- Exercise inputs:
··········
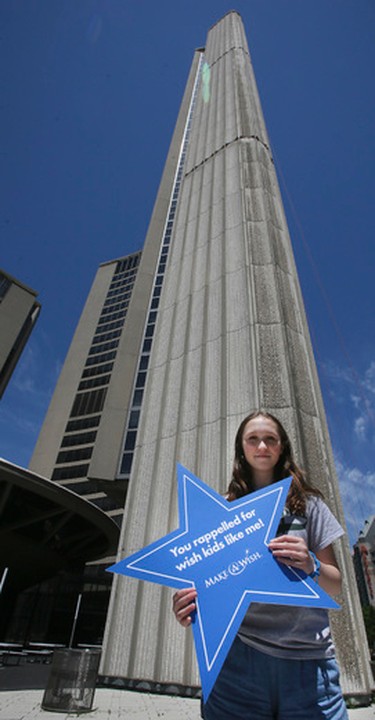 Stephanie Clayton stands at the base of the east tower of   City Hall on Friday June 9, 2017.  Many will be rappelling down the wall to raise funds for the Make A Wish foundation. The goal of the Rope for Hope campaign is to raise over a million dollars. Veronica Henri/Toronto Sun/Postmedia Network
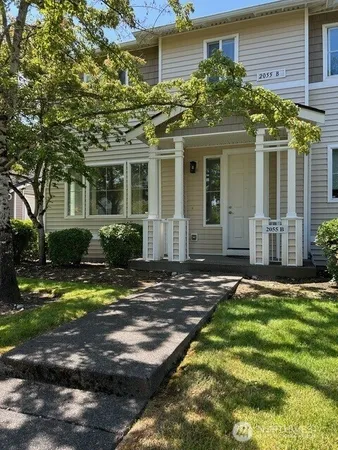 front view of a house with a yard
··········
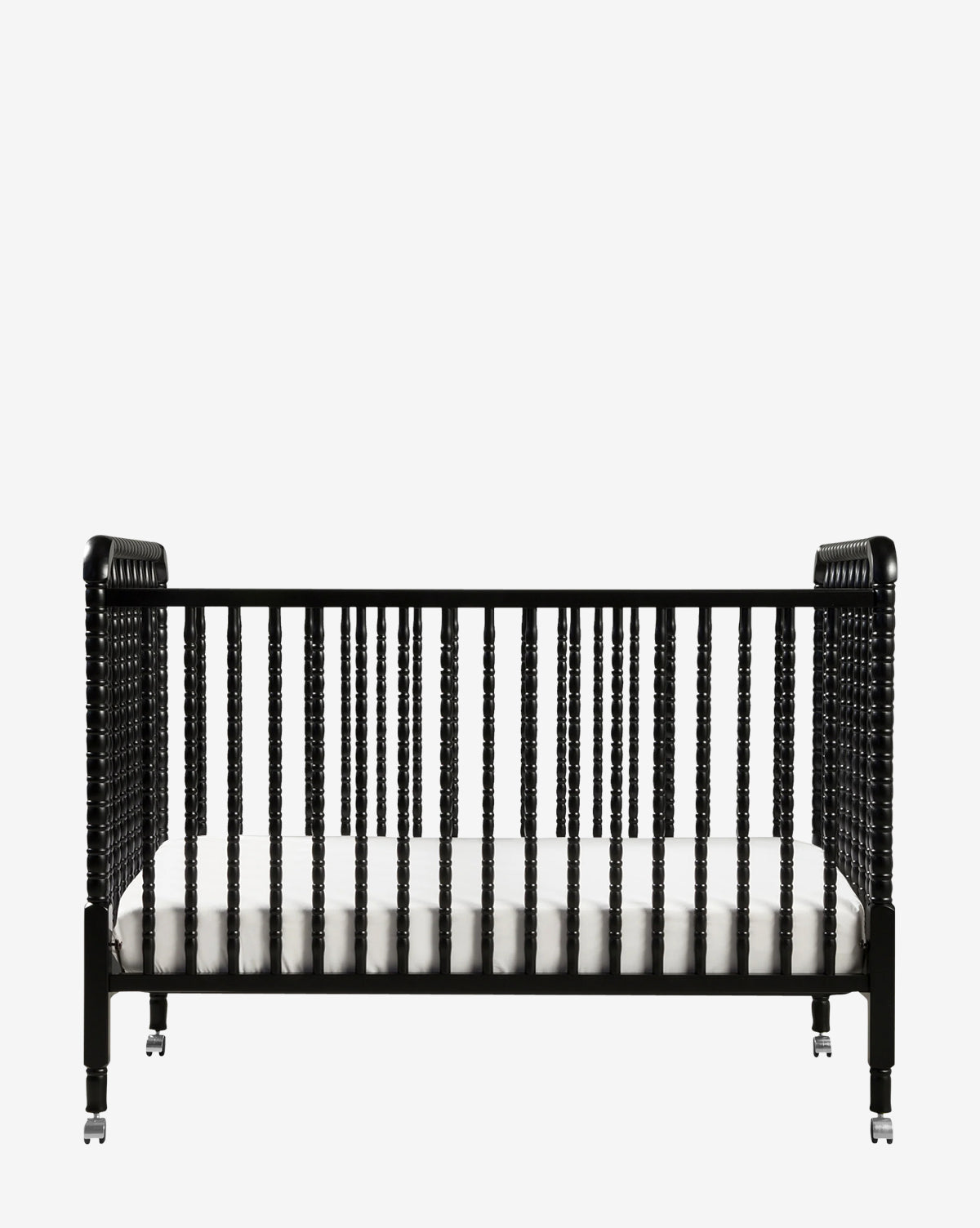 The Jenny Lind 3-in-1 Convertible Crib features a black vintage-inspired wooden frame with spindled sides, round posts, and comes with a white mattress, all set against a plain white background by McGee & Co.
··········
- What to do:
In the records above, find the line with "Stephanie Clayton stands". Print exactly from there through the line with "front view of a house with a yard", minus the pictures.

- Expected answer:
 Stephanie Clayton stands at the base of the east tower of   City Hall on Friday June 9, 2017.  Many will be rappelling down the wall to raise funds for the Make A Wish foundation. The goal of the Rope for Hope campaign is to raise over a million dollars. Veronica Henri/Toronto Sun/Postmedia Network
 front view of a house with a yard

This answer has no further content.